Aerospace giant Airbus has announced plans to build “zero-emission” aircraft using hydrogen power technology. On Monday (21 September), the firm revealed three concept designs that are on the table and is targeting a 2035 entry-into-service.
Airbus is working on three designs for aircraft that could be zero-emission, which range from a conventional turbofan jet with space for 200 passengers to a ‘blended wing’ concept that is a significant departure from the current generation of planes.
“These concepts will help us explore and mature the design and layout of the world’s first climate-neutral, zero-emission commercial aircraft, which we aim to put into service by 2035,” said CEO Guillaume Faury.
“The transition to hydrogen, as the primary power source for these concept planes, will require decisive action from the entire aviation ecosystem. Together with the support from government and industrial partners we can rise up to this challenge to scale-up renewable energy and hydrogen for the sustainable future of the aviation industry,” said Faury.
The turbofan design would have a range of more than 2,000 nautical miles – roughly the same as London-Tel Aviv – using hydrogen stored in tanks incorporated into the design of the plane.
Airbus will also look into a propeller-powered plane capable of carrying 100 passengers and with half the range of the turbofan, making it “a perfect option for short-haul trips”, the company said in a statement.
The most radical departure though will be a blended wing design, which would substantially increase the amount of space available for fuel storage and offer different passenger layouts.
“The exceptionally wide fuselage opens up multiple options for hydrogen storage and distribution, and for cabin layout,” Airbus explained.
Dutch airline KLM is already working on a blended wing prototype.
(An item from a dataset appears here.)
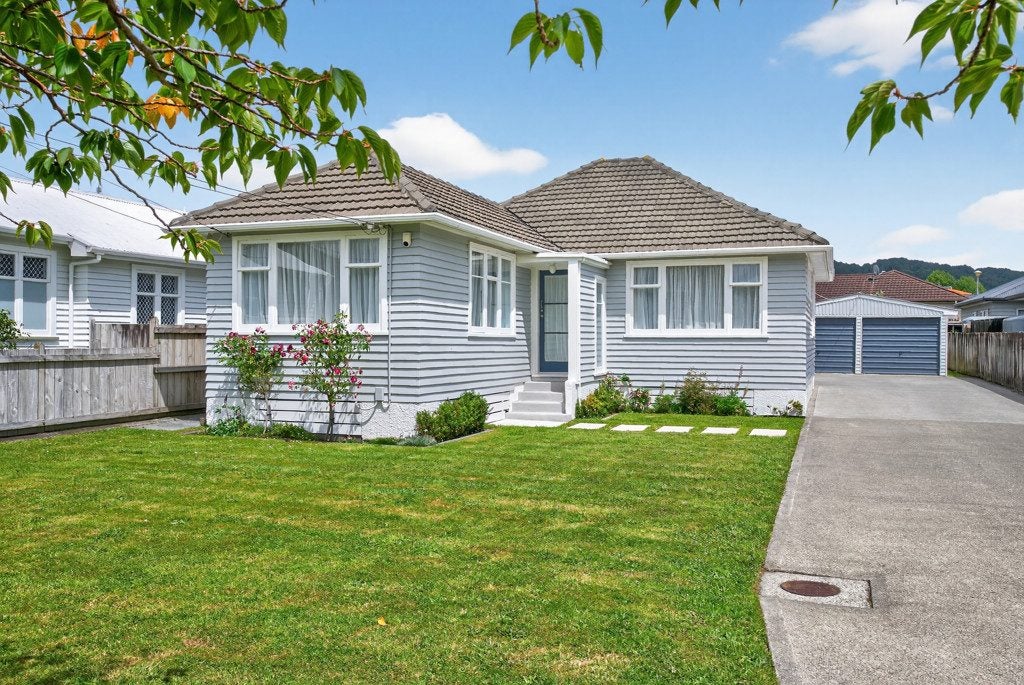 7 Fitzherbert Road, Wainuiomata, Lower Hutt - Carousel 1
Earlier this month, a scaled-down remote-controlled demo version took the skies for the first time, as part of a project led by the University of Delft.
Designs are still at an early stage of development but researchers are bullish about the advantages offered by the new concept, which could reduce fuel consumption by 20% compared to even the most economical current generation of jets.
The claim that the new aircraft will be “zero-emission” will be under scrutiny too, given that hydrogen burn can produce nitrogen oxides, while the water vapour created by combustion can also be counted as an emission.
Both have a climate effect, depending on at what altitude they are emitted. Regulators have so far paid little attention to the non-CO2 impacts of aviation and the European Commission’s new climate plan for 2030, for example, does not mention them.
Hydrogen on the horizon
The aircraft-maker’s foray into hydrogen is not an unexpected move. Faury acknowledged in July that the fuel “is one of the most promising technologies available to help us reach zero-emission flights by 2035”.
In June, the French government approved a €15 billion bailout for the aerospace industry, which includes support for small-scale parts manufacturers and a €1.5 billion research and development fund.
As part of the terms of the deal, the government also set the sector the target of launching a carbon-neutral successor to the Airbus A320, a medium-range jet that is the best-selling airliner in the world.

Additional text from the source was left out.